How is the board you are working on fixed to the bottom part of the jig?


----------



## Stick486 (Jan 4, 2013)

router king said:


> Wow,
> 
> That was a quick response. Those images makes a lot of sense to me, although I do not know what "ski or on of Gaffboat's (aka Oliver) adaptable nifty guides" means.
> How is the board you are working on fixed to the bottom part of the jig?


quick response...
musta been an accident...

a router ski...
for all intent and purpose the guy doing the routering is using a ski...
there are quite a few variations of them...
do a search here and you'll see what I mean...

Gaffboat's...........
the three bottom renderings are Oliver's design and if you study them they can be adapted to your mission...
hence Gaffboat's (aka Oliver) adaptable nifty guides" means.
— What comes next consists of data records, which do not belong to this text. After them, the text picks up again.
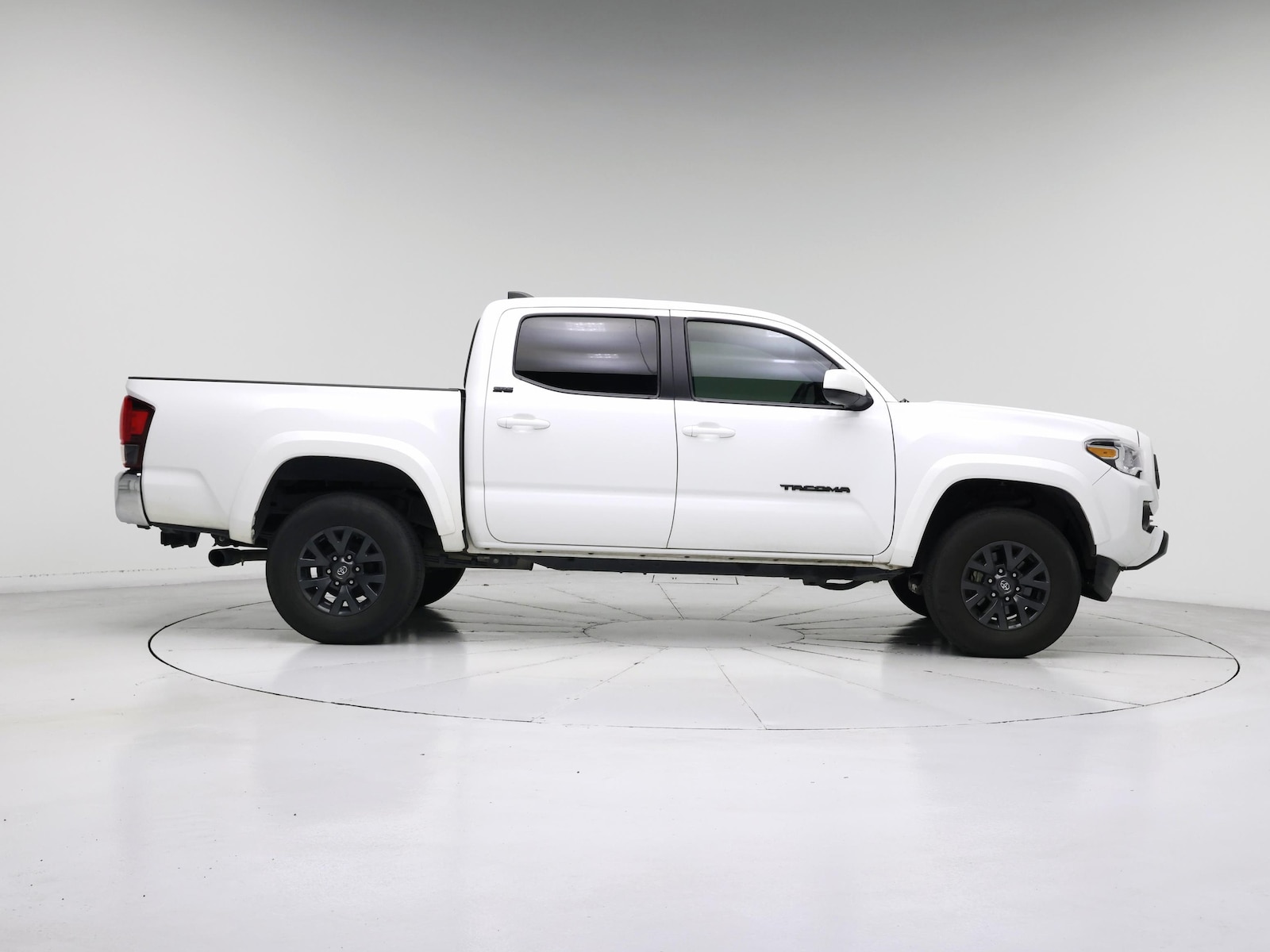 2022 Toyota Tacoma SR5 - Photo 8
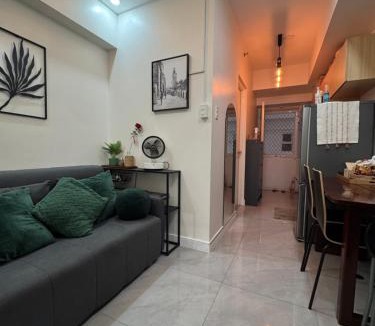 Project 4 Apartment | Posh Infina Home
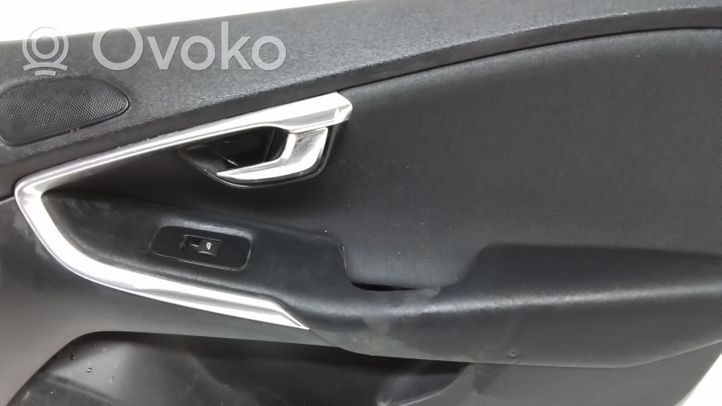 Volvo V40 Rivestimento del pannello della portiera anteriore 39815394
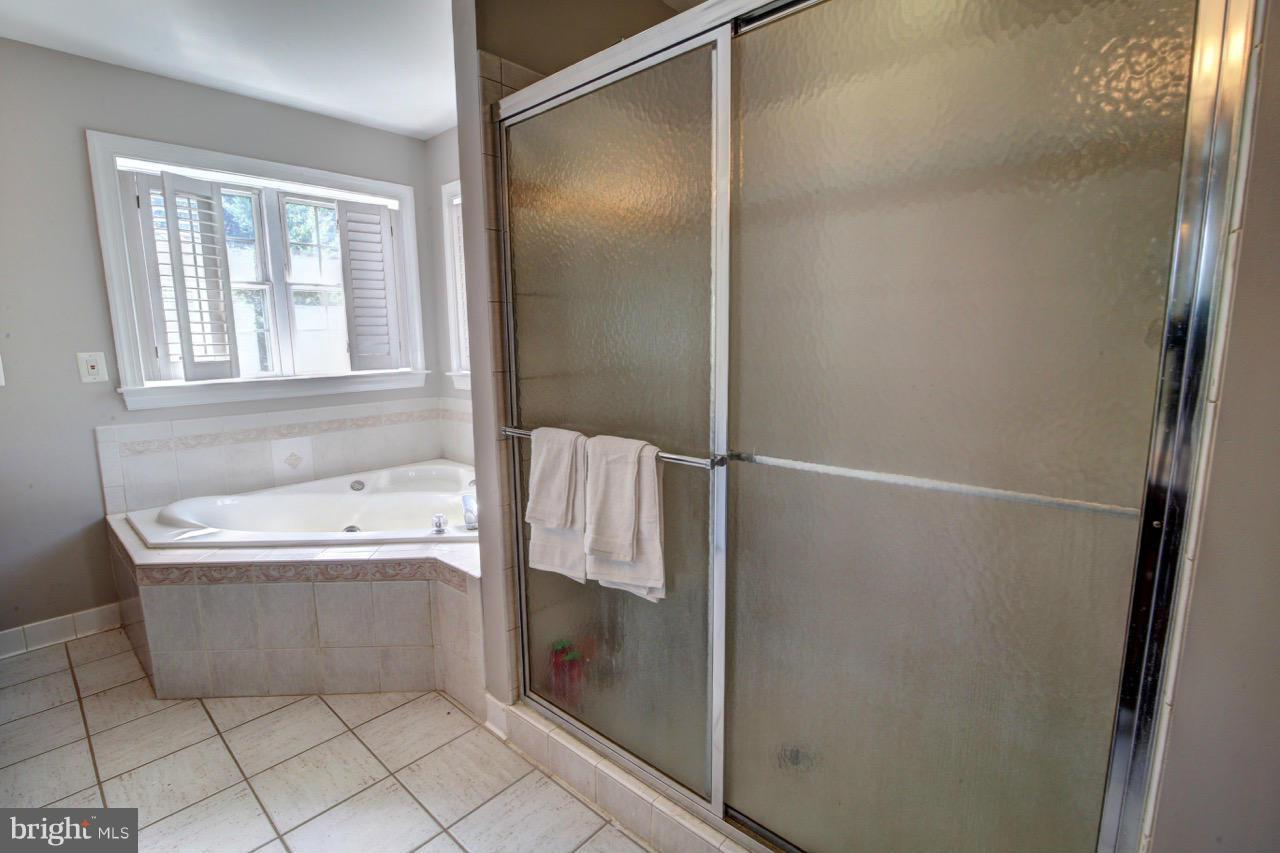 2167 Chain Bridge Road Vienna, VA 22182 - Photo 19 of 30 Bath (Master)
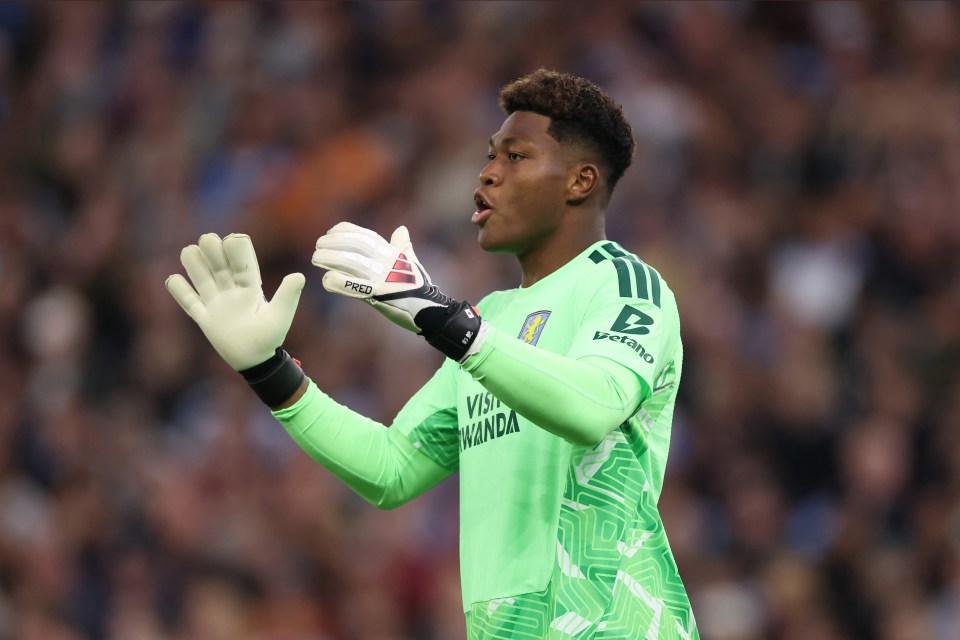 Romain_Molina's tweet photo. Sans trop de surprise, Zion Suzuki s'est imposé à Aston Villa et fera probablement partie des recrues de l'année en Premier League

Ce qui n'empêche pas que son transfert a été très compliqué à cause des intermédiaires et autres personnes ayant voulu se greffer au deal (ce qui posa notamment souci avec le PSG)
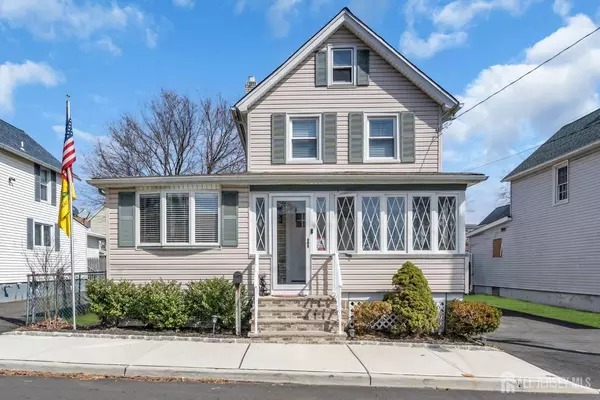 12 Albert ST, Sayreville, NJ 08872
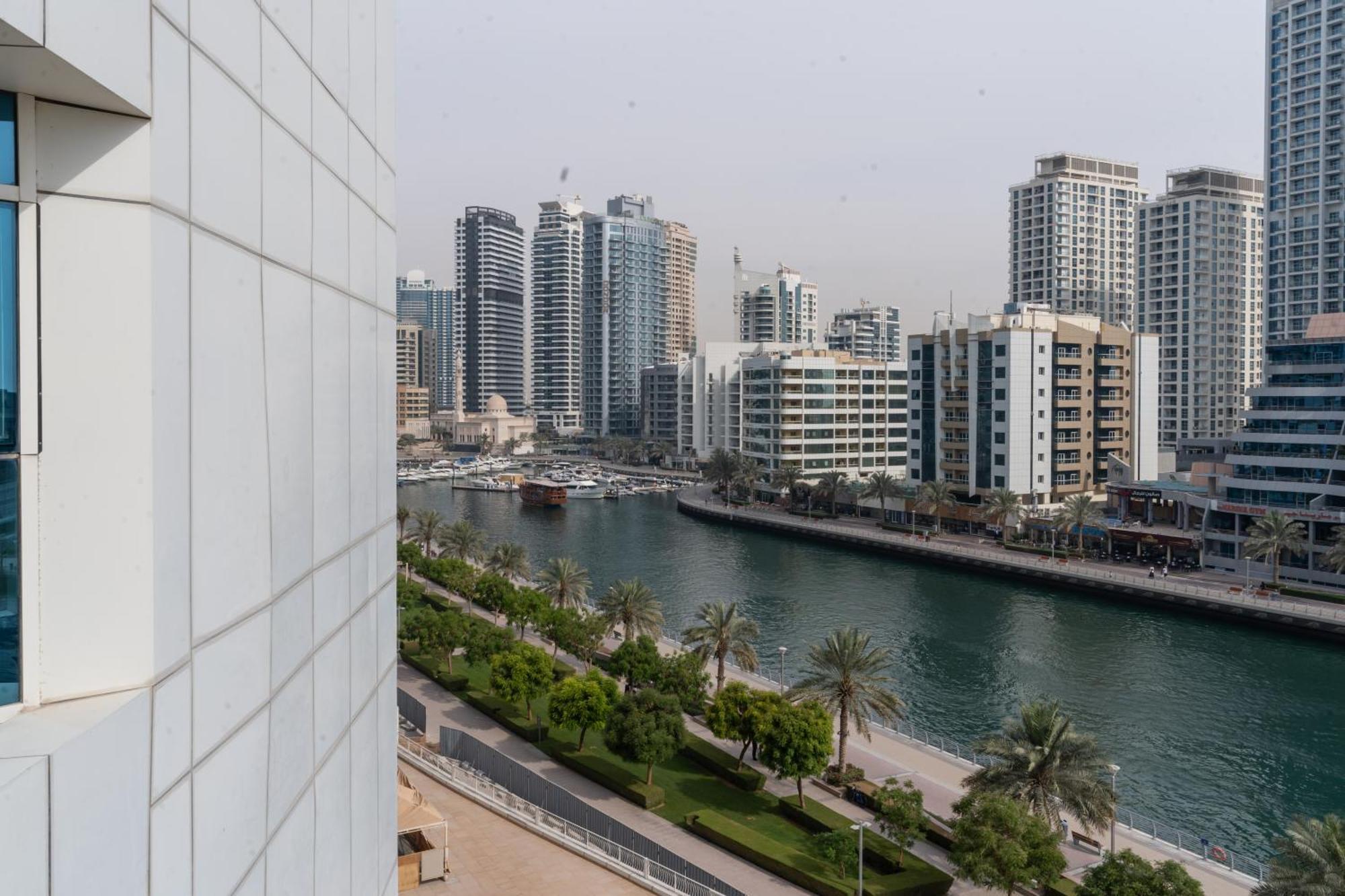 Apartment Holidays R Us 2 Bedroom Panoramic View Dubai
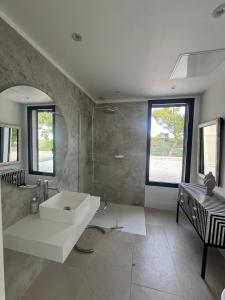 Villas Maison d'Architecte piscine vue exceptionnelle uzes a pied : photos des chambres
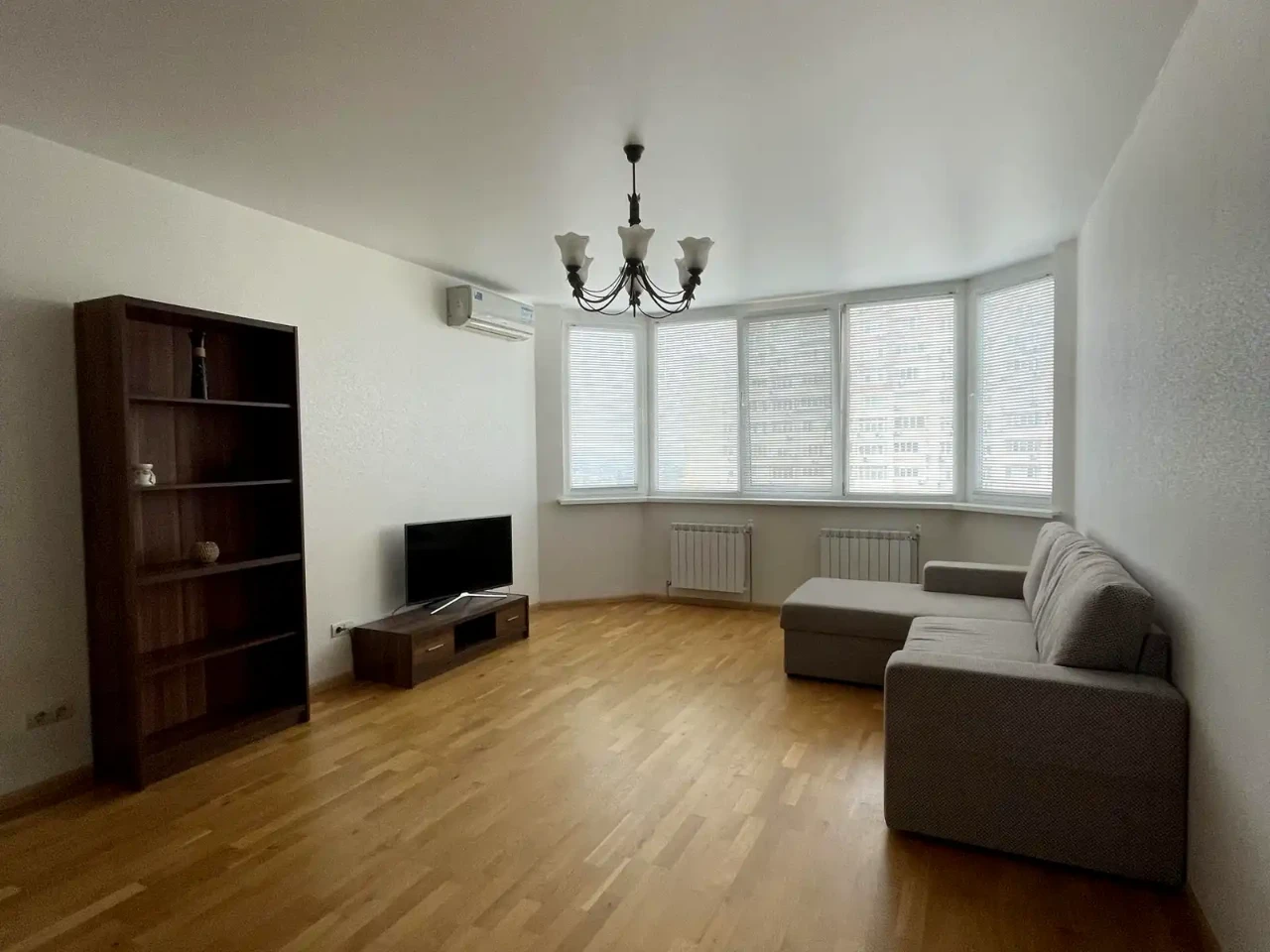 Rent 2-room apartment 78 m² on the 15th floor of a 25-story building.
the board that is being worked on is double stick taped or clamped down firmly and the router is moved about the surface of the board... that's not me BTW...

so can you answer the questions I had for you???
Ed.. if I guess right you want to flatten this piece and make the thickness uniform all the while removing a cup in the wood...


----------



## Stick486 (Jan 4, 2013)

Gaffboat's (aka Oliver) adaptable nifty guides...

Visualize the red perpendicular boards that are to the top extending down to the table/bench and the jig carrying the router clear of your work piece...


----------



## DaninVan (Jan 1, 2012)

Further to Stick's comments; if the Board's not lying flat on the work surface, ie it's rocking a bit, you might need to tuck shims under the two opposing corners that are causing the rocking.
The consequence of doing that is of course, once you've flattened the top side, you'll need to flip it over and redo the bottom...now the two faces will be parallel and of even thickness everywhere.


----------



## DaninVan (Jan 1, 2012)

Gaffboat... (Oliver)
Router Forums - View Profile: Gaffboat

Coincidentally he's here, viewing a different thread!


----------



## Stick486 (Jan 4, 2013)

DaninVan said:


> Gaffboat... (Oliver)
> Router Forums - View Profile: Gaffboat
> 
> Coincidentally he's here, viewing a different thread!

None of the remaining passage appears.